Before we go any further: There is no reason to panic. Viruses mutate all the time and there is little information about omicron. Scientists don’t know if it is any more infectious, lethal or resistant to vaccines than the original bug or any of the other variants.

We can be sure of one thing, though: If omicron poses a threat, it’s the result of vaccine inequality. The appalling divide between vaccine haves and have-nots will ensure that we are regularly visited by new and alarming COVID-19 variants. As Glenda Gray, head of the South African Medical Research Council, warned “Until we vaccinate enough people we’re going to have this happen over and over again.”

The numbers are dispiriting. In August, of 15 billion total COVID-19 doses, high-income nations took 6.6 billion, 2.5 billion went to upper-middle income countries, lower-middle income countries got 3.2 billion and 331 million went to lower-income countries. The global COVAX consortium, which targets 92 low- and middle-income countries, aims to put 2 billion doses in arms by the end of this year. That number looks more impressive than it is: Donors pledged 1.3 billion doses but only 356 million have been provided.

By mid-August of 2021, COVAX delivered 200 million vaccine doses instead of 600 million, as initially projected. In September, Japan pledged to double its vaccine assistance to 60 million doses, half through COVAX and half bilaterally. It promised an additional $1 billion for the COVAX facility. At the time, it had provided 23 million doses bilaterally, as well as oxygen concentrators and ventilators and so-called last one mile support, such as refrigerated trucks and other cold-chain equipment needed to get vaccines to remote areas.

But the bottom line remains grim. A mere 6% of the 1.2 billion people living in Africa have been vaccinated. In South Africa, the official number tops 35% (other estimates are lower), which is less than half the country’s target for 2021. 

Most experts blame the shortfall on “vaccine nationalism” in the developed world. That isn’t the entire explanation — vaccine skepticism isn’t just a first world phenomenon — but it is a lot of the story. That’s the conclusion of a new study by Airfinity, a science analytics consultancy. According to its data, Group of 20 countries received 15 times more COVID-19 vaccine doses per capita than countries in sub-Saharan Africa, 15 times more doses delivered per capita to low-income countries and 3 times higher the doses delivered per capita in all other countries combined.
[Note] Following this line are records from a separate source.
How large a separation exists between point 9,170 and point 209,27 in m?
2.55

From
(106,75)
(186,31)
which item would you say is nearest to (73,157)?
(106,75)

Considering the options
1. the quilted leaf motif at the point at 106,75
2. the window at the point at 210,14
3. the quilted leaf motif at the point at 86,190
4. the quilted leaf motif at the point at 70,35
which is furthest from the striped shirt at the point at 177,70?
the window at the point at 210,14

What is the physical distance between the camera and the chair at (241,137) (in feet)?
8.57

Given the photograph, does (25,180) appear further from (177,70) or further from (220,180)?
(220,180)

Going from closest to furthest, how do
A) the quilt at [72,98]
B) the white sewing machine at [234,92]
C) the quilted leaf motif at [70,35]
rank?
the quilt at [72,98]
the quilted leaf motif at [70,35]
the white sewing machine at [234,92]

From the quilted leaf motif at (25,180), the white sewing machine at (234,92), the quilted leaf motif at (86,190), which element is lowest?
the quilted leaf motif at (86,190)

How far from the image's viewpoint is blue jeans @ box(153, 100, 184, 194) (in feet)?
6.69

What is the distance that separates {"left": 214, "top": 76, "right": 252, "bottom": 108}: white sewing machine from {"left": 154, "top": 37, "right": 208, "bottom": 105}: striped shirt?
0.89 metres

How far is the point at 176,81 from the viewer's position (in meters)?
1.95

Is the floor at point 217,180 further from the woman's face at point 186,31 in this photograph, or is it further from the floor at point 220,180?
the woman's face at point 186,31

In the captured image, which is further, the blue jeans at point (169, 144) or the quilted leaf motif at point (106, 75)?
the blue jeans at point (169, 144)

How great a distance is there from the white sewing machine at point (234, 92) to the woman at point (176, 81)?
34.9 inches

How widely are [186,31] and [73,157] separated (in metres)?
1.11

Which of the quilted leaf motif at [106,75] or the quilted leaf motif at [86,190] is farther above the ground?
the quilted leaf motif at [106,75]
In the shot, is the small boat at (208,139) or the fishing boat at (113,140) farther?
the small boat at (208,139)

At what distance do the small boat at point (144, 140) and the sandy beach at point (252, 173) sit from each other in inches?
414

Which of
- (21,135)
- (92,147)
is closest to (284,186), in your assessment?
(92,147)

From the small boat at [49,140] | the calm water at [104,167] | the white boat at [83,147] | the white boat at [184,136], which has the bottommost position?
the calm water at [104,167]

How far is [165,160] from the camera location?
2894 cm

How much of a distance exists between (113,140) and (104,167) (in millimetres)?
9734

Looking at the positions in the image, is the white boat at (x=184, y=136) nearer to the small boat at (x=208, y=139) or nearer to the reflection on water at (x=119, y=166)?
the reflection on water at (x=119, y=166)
Gordon Brown, the former British prime minister who is now a WHO ambassador, vented in the Guardian last week, arguing that “Despite the repeated warnings of health leaders, our failure to put vaccines into the arms of people in the developing world is now coming back to haunt us.” 
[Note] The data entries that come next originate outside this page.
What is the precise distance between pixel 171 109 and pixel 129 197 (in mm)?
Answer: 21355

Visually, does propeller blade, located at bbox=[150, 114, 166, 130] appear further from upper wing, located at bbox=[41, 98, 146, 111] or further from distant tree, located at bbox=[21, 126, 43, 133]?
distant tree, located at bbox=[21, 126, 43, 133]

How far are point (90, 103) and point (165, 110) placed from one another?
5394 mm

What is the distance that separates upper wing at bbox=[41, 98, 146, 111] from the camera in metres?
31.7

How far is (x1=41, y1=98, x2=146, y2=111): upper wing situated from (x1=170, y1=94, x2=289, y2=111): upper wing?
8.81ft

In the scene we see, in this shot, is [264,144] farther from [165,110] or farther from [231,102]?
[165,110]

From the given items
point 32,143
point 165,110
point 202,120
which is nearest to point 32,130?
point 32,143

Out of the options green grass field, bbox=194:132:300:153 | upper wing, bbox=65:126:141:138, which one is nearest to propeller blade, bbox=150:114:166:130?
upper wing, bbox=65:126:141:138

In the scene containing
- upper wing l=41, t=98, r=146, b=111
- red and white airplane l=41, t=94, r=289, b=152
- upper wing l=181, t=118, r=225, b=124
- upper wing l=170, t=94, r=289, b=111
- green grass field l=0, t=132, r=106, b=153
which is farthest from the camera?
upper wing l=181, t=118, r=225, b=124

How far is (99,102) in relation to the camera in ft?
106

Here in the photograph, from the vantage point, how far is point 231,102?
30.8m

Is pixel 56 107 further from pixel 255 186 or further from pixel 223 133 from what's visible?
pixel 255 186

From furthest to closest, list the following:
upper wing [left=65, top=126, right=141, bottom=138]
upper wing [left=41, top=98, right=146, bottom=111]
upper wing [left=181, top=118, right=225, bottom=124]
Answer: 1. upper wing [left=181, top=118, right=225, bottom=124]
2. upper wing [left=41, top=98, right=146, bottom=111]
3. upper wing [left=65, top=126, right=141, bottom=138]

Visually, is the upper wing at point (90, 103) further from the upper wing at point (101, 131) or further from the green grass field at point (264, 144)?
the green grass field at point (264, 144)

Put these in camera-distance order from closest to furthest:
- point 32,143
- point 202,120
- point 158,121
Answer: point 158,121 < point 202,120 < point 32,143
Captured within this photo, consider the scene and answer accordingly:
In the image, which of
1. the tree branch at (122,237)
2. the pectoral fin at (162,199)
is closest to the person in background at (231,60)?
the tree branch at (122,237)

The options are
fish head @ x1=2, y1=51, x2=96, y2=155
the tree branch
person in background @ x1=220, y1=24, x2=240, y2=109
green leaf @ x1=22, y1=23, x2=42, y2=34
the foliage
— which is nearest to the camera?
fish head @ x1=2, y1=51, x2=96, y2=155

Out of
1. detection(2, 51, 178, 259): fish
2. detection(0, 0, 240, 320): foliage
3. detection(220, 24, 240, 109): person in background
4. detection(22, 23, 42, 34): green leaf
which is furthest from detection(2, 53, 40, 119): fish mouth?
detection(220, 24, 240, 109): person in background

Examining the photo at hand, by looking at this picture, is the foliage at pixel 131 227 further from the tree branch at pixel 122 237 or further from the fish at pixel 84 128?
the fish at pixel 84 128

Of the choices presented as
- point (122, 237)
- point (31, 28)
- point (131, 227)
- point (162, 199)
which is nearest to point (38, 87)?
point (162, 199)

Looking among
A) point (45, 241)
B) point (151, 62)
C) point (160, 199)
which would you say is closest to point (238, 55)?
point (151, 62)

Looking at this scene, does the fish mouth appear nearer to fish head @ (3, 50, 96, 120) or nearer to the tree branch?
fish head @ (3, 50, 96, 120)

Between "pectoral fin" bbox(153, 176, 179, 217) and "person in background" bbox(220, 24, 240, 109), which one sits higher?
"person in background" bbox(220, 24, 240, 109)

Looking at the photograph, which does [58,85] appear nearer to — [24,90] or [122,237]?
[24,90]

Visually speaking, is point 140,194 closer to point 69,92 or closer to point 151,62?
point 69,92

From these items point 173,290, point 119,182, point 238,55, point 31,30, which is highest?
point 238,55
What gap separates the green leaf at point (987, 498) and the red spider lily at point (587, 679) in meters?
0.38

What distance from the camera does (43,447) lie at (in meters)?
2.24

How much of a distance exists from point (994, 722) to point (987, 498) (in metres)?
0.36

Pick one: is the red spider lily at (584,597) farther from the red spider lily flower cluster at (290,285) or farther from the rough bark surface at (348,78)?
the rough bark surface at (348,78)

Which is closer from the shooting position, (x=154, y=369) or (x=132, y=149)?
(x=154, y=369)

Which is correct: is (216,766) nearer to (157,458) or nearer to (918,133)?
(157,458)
He blamed the selfishness of the richest nations. They have “monopolized” 89% of vaccines manufactured as well as 71% of future deliveries. Worse, Brown charged the EU with “neocolonialism” for “commandeering” vaccines made in South Africa. 
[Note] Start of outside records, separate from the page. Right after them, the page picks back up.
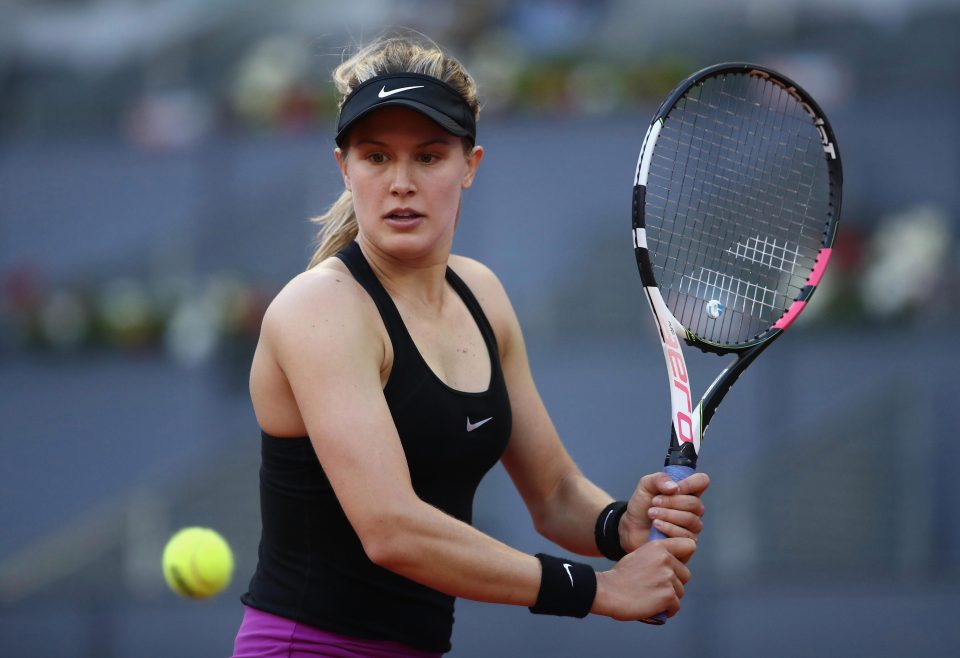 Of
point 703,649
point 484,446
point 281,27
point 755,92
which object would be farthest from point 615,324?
point 484,446

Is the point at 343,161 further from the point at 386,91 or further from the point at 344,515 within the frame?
the point at 344,515

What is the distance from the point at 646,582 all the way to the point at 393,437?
23.5 inches

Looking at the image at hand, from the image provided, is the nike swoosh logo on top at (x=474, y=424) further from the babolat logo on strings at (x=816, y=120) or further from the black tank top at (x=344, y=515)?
the babolat logo on strings at (x=816, y=120)

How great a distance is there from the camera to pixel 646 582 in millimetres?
2654

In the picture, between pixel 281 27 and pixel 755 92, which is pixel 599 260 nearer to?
pixel 755 92

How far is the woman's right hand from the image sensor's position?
8.62 feet

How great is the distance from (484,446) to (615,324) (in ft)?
18.0

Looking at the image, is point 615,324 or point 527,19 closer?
point 615,324

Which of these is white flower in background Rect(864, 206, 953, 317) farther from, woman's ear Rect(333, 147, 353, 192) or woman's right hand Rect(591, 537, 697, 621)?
woman's ear Rect(333, 147, 353, 192)

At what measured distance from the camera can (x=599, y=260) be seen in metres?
8.20

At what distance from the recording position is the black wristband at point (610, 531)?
2910 mm

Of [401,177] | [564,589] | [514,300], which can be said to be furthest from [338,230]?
[514,300]

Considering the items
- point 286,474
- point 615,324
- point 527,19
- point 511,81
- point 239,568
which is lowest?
point 286,474

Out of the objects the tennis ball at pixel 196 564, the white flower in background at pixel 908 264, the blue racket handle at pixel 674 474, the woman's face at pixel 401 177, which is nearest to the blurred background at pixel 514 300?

I can’t summon Brown’s anger and outrage; I’m more comfortable with irony. So, I note, first, as millions of Americans were (rightfully) being thankful for their shots and boosters, news broke of a new variant that threatens to undermine the security that they celebrated. (If their good fortune is the result of deprivation elsewhere, then the right term might be tragedy, not irony.)

Failure to provide vaccines to the world’s poorest countries doesn’t just hurt them — as events this week make abundantly clear. If morality isn’t sufficient motivation, pure selfishness should have done the trick. Governments are cutting off international travel as economists and officials revisit all their assumptions about economic recovery and now anticipate a slowdown in growth.

Governments have moved quickly to slam the door on omicron. We’d be better served by an equally expeditious and determined effort to get vaccines to the poorest among us. As Henrietta Fore, executive director of UNICEF, the U.N. children’s agency, warned, “in the COVID vaccine race, we either win together, or we lose together.”


Brad Glosserman is deputy director of and visiting professor at the Center for Rule-Making Strategies at Tama University as well as senior adviser (nonresident) at Pacific Forum.